Provides a polished file upload experience with: - Drag-and-drop dropzone interface - Animated progress indicators (minimum ~750ms) - Automatic encoding detection - File validation and error handling

Parameters:

Name	Type	Description	Default
`st`	`object`	Streamlit module object	required
`accepted_types`	`list[str] \| None`	List of accepted file extensions (e.g., [".csv"]) Defaults to [".csv"]	`None`
`help_text`	`str \| None`	Optional help text to display	`None`
`show_file_info`	`bool`	Whether to display file info after upload (default: True)	`True`

Returns:

Type	Description
`object \| None`	Tuple of (uploaded_file, dataframe, encoding_used)
`object \| None`	uploaded_file: The uploaded file object or None
`str \| None`	dataframe: Pandas DataFrame if file was successfully read, None otherwise
`tuple[object \| None, object \| None, str \| None]`	encoding_used: The encoding that worked, or None if file read failed

Source code in lavendertown/ui/upload.py

def render_file_upload(
    st: object,
    accepted_types: list[str] | None = None,
    help_text: str | None = None,
    show_file_info: bool = True,
) -> tuple[object | None, object | None, str | None]:
    """Render file upload UI with dropzone and animations.

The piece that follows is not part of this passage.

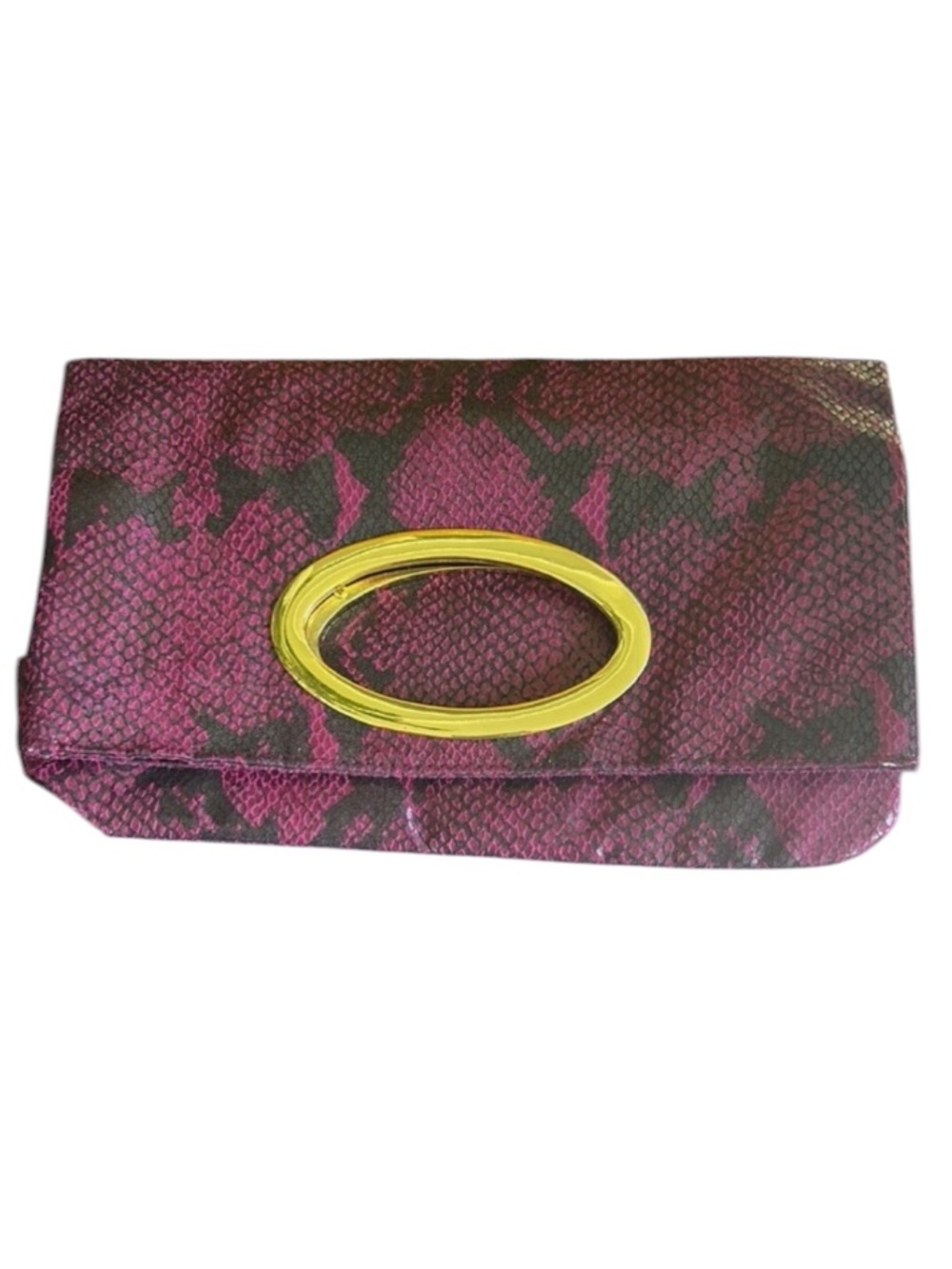 Vintage Pink & Black Python Embossed Handbag Clutch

    Provides a polished file upload experience with:
    - Drag-and-drop dropzone interface
    - Animated progress indicators (minimum ~750ms)
    - Automatic encoding detection
    - File validation and error handling

    Args:
        st: Streamlit module object
        accepted_types: List of accepted file extensions (e.g., [".csv"])
            Defaults to [".csv"]
        help_text: Optional help text to display
        show_file_info: Whether to display file info after upload (default: True)

    Returns:
        Tuple of (uploaded_file, dataframe, encoding_used)
        - uploaded_file: The uploaded file object or None
        - dataframe: Pandas DataFrame if file was successfully read, None otherwise
        - encoding_used: The encoding that worked, or None if file read failed
    """
    if accepted_types is None:
        accepted_types = [".csv"]

    if help_text is None:
        help_text = "Upload a CSV file to analyze for data quality issues"

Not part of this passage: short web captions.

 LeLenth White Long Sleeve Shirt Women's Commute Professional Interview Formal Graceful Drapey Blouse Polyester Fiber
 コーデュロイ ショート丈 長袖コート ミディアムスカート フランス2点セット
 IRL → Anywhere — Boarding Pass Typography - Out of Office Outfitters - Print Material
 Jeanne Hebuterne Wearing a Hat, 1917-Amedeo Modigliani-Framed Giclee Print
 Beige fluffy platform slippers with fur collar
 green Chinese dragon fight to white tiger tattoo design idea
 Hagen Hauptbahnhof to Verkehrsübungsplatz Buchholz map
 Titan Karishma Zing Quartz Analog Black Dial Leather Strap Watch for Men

    # Convert accepted_types to format expected by file_uploader (e.g., ".csv" -> "csv")
    accept_list = [ext.lstrip(".") for ext in accepted_types]

    # Add custom CSS for enhanced dropzone appearance
    # Streamlit's native file_uploader supports drag-and-drop in recent versions
    st.markdown(
        """
    <style>
    /* Enhanced styling for file uploader to look like a dropzone */
    .uploadedFile {
        border: 2px dashed #9e9e9e !important;
        border-radius: 10px !important;
        padding: 20px !important;
        text-align: center !important;
        background: #f5f5f5 !important;
        transition: all 0.3s ease !important;
    }
    .uploadedFile:hover {
        border-color: #6366f1 !important;
        background: #f0f0ff !important;
    }
    /* Style the file uploader container */
    div[data-testid="stFileUploader"] {
        border: 2px dashed #9e9e9e;
        border-radius: 10px;
        padding: 20px;
        background: #fafafa;
        transition: all 0.3s ease;
    }
    div[data-testid="stFileUploader"]:hover {
        border-color: #6366f1;
        background: #f0f0ff;
    }
    </style>
    """,
        unsafe_allow_html=True,
    )

    # Use Streamlit's native file_uploader with enhanced styling
    # It supports drag-and-drop in recent versions
    uploaded_file = st.file_uploader(
        "📤 Drag and drop a CSV file here, or click to browse",
        type=accept_list,
        help=help_text,
    )

    if uploaded_file is None:
        return None, None, None

    # Create upload animation container
    upload_container = st.container()

    with upload_container:
        # Show upload progress animation
        upload_status = st.status("📤 Uploading file...", expanded=True)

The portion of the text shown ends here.